[Infowarrior] - WH Surveillance panel seeks public input

Richard Forno rforno at infowarrior.org
Thu Sep 5 13:58:27 CDT 2013


Surveillance panel seeks public input
By JOSH GERSTEIN |
9/5/13 8:23 AM EDT

http://www.politico.com/blogs/under-the-radar/2013/09/surveillance-panel-seeks-public-input-171854.html?hp=r8

A new board that President Barack Obama set up to investigate the balance between privacy and security in the era of "big data" is asking the public to weigh in with its thoughts on how those goals can better be achieved.

The call for public input issued late Wednesday is vague in its scope, just like the mandate for the newly-created "Review Group on Global Signals Intelligence Collection and Communications Technologies."

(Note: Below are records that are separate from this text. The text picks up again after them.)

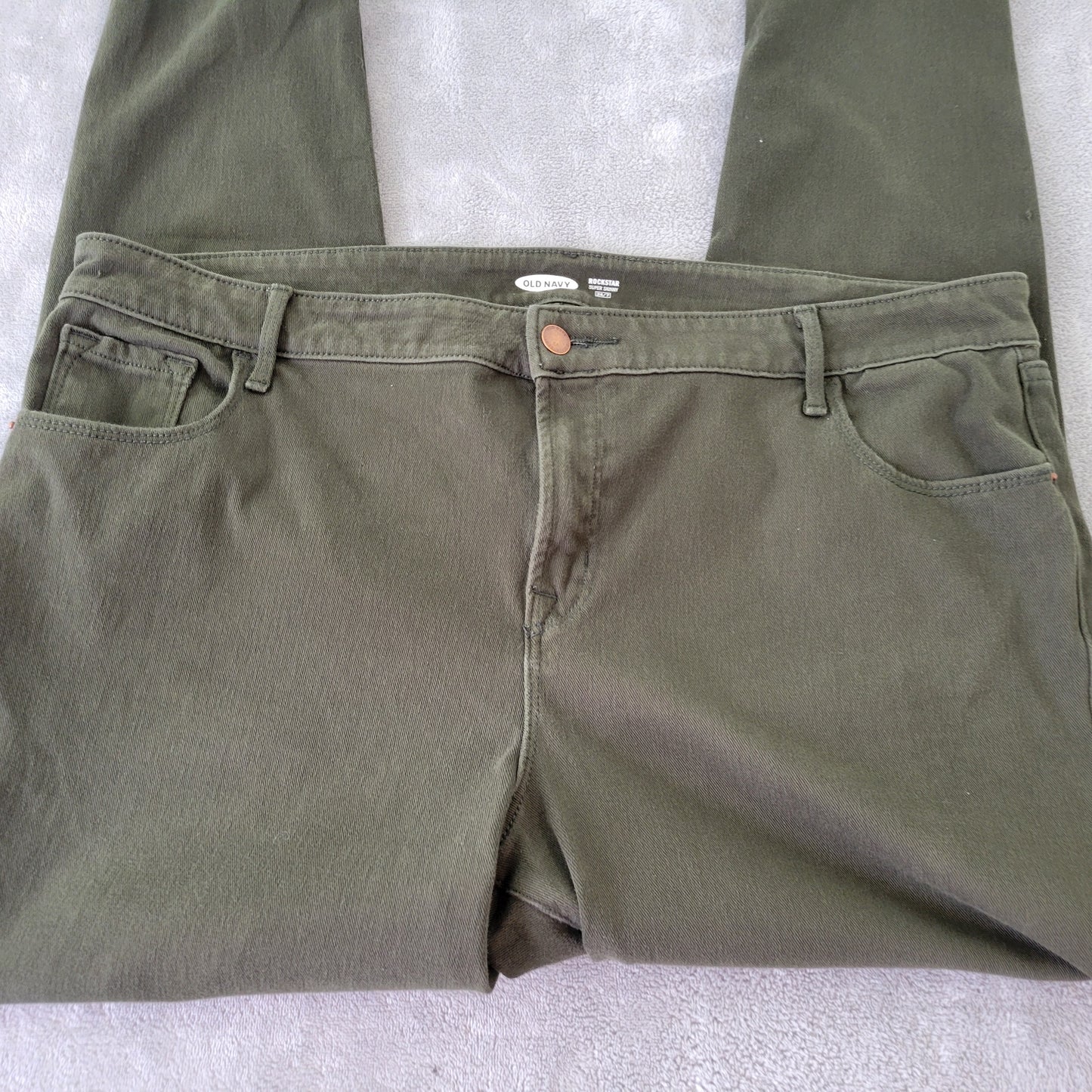 Old Navy Rockstar Super Skinny Jeans 18 Womens Soft Sage Green Stretch SKI10E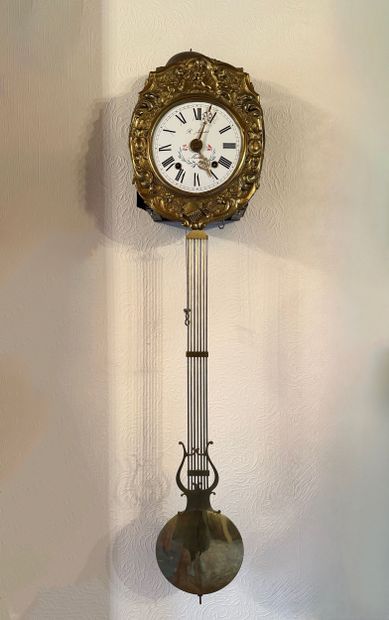 Horloge Comtoise. Mouvement huit jours. Signé....
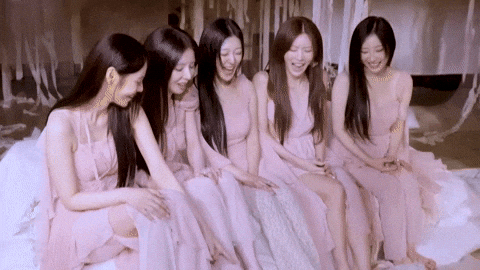 ARTMS - Jinsoul, Heejin, Choerry, Kim Lip & Haseul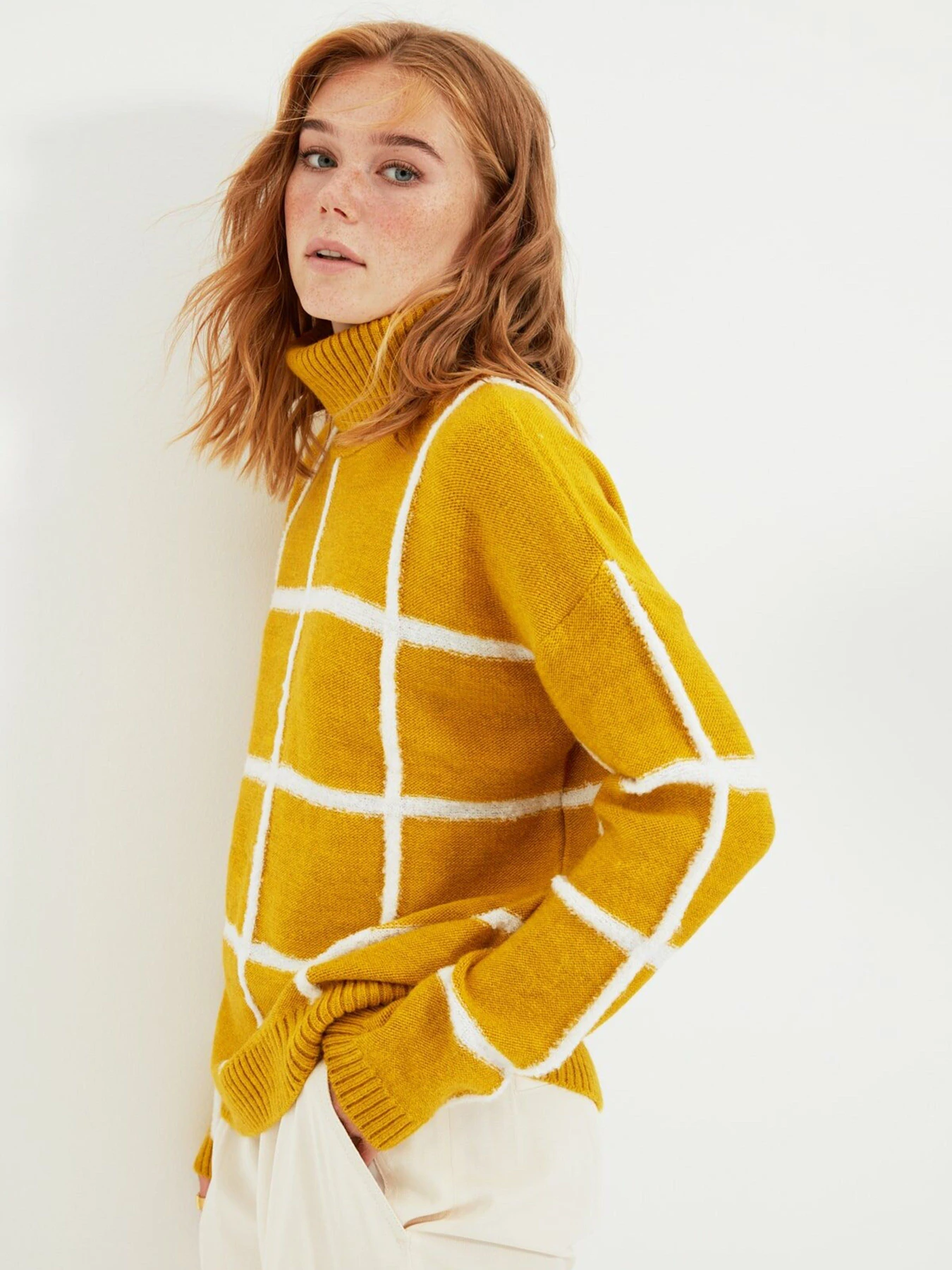 Свитры и кардиганы Trendyol модель TWOAW22KZ0257/Yesil Свитры и кардиганы Trendyol модель TWOAW22KZ0257/Yesil Фото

"The Review Group is seeking public comments on all matters that the President has directed it to examine, namely, how in light of advancements in communications technologies, the United States can employ its technical collection capabilities in a manner that optimally protects our national security and advances our foreign policy while respecting our commitment to privacy and civil liberties, recognizing our need to maintain the public trust, and reducing the risk of unauthorized disclosure," said a statement posted on Tumblr.

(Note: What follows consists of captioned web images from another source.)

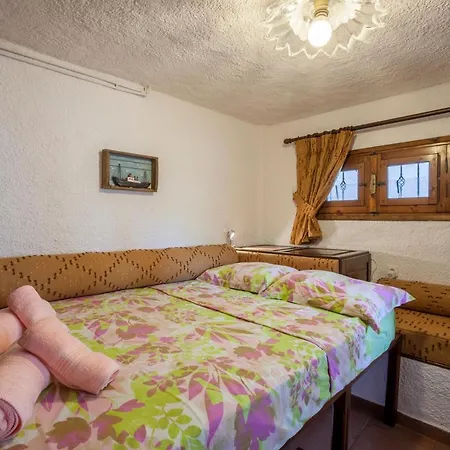 Traditional Beachfront In Kalogria! Holiday home *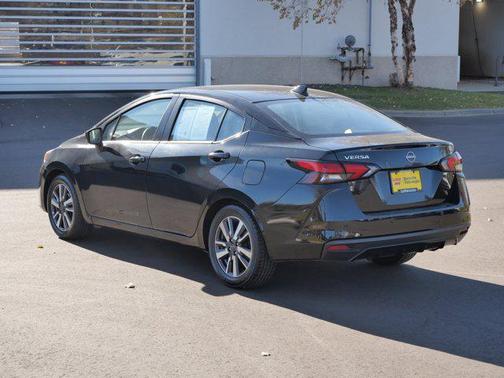 2023 Nissan Versa 1.6 SV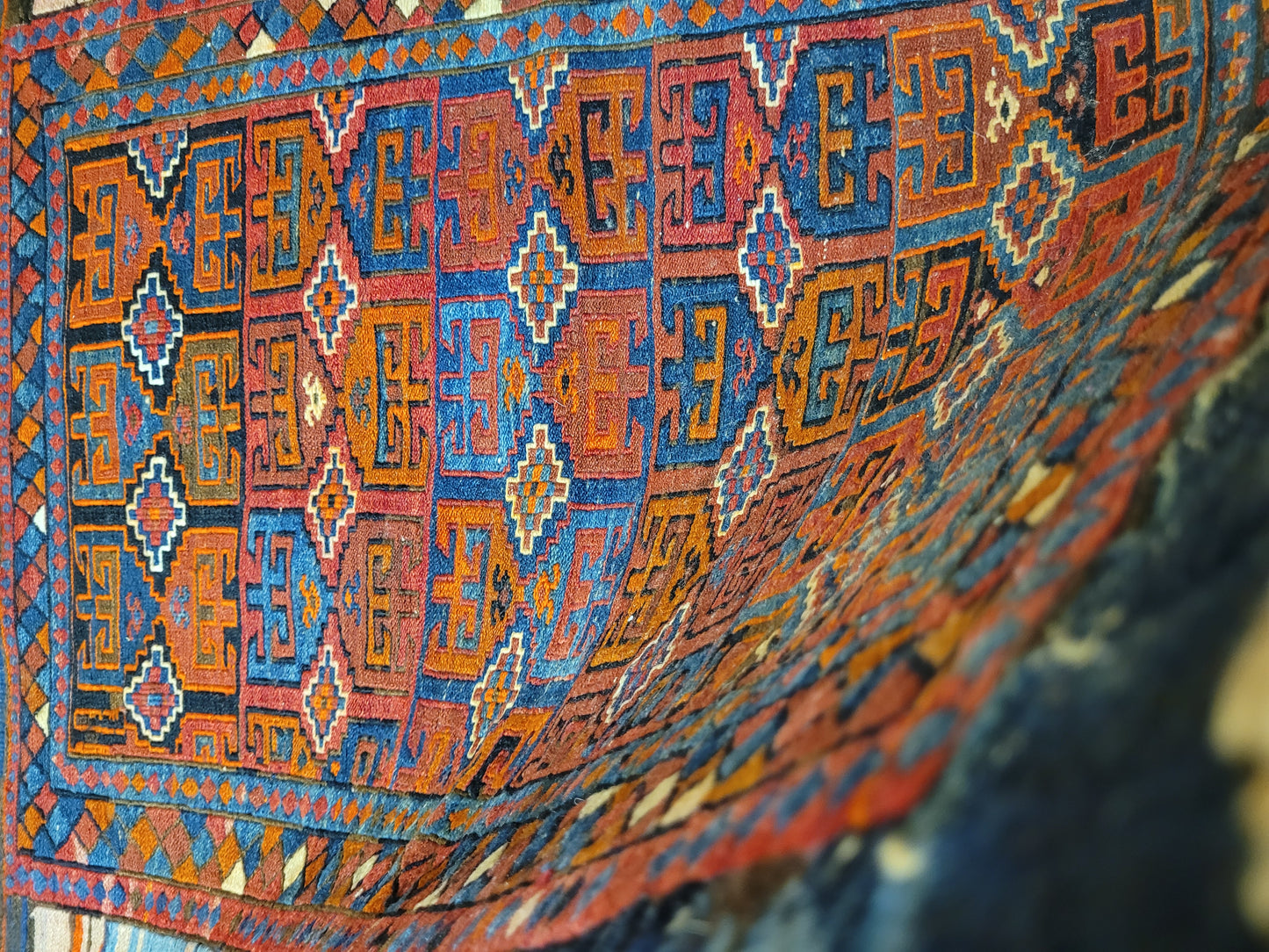 Orientteppich handgeknüpft 75 × 64 cm Sumak Kelim geometrisch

The announcement warns that comments submitted may be released publicly. However, the statement does not commit to do so. The submission mechanism does not indicate what past or present members of the Intelligence Community with access to classified information should do if their suggestions involve classified programs.

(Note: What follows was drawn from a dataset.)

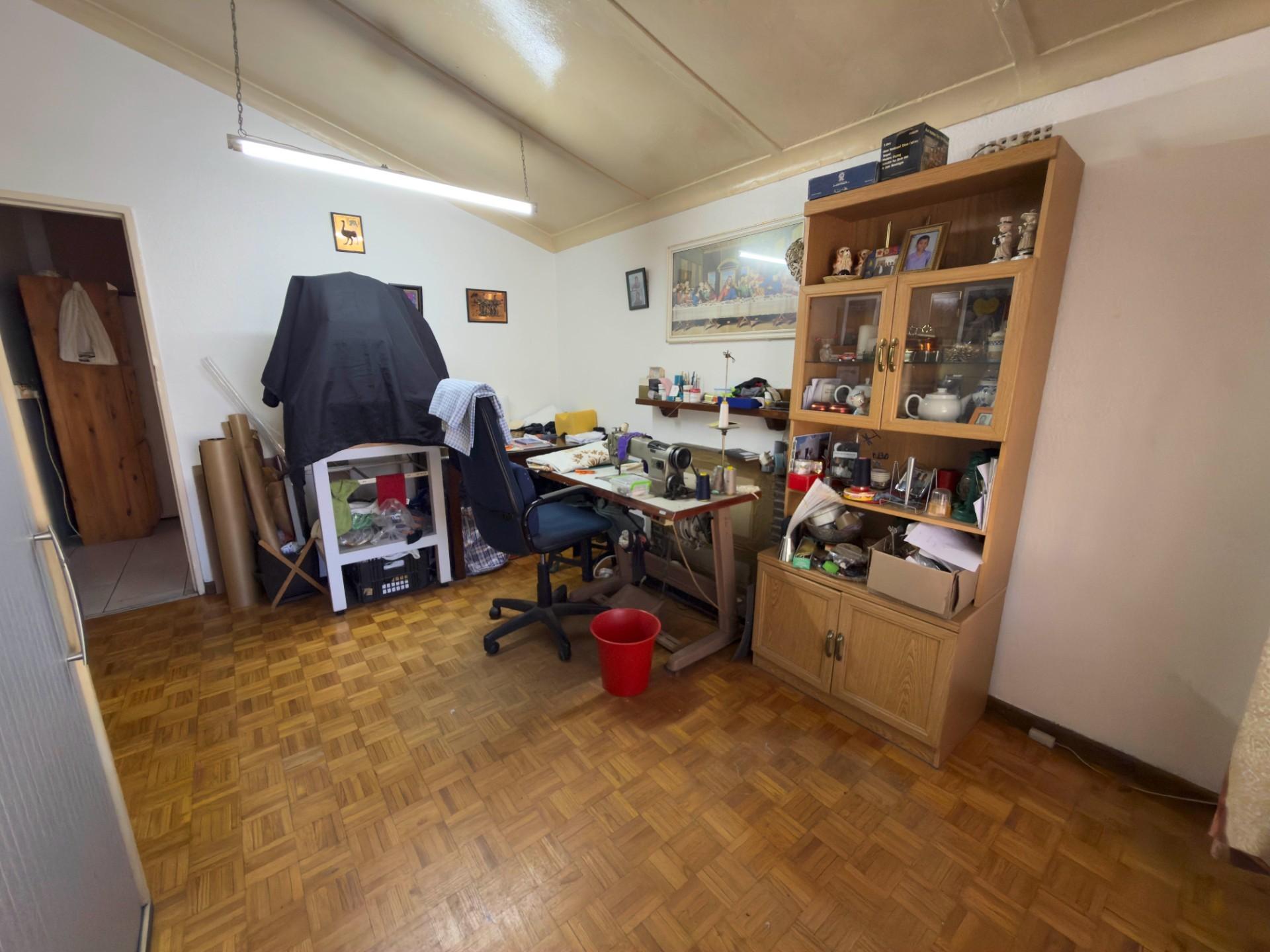 Image 4 of 6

Obama announced his plans for the review panel on August 9 as part of a group of proposed reforms aimed at quieting the flap over National Security Agency surveillance. He officially named and met with the five-member group last week. It includes lawyers and former national security officials but no one with significant expertise in new data processing technologies.

The group was organized under the auspices of the Director of National Intelligence James Clapper. That designation gives it an exemption from a law that normally requires advisory panels to meet publicly, the Federal Advisory Committee Act.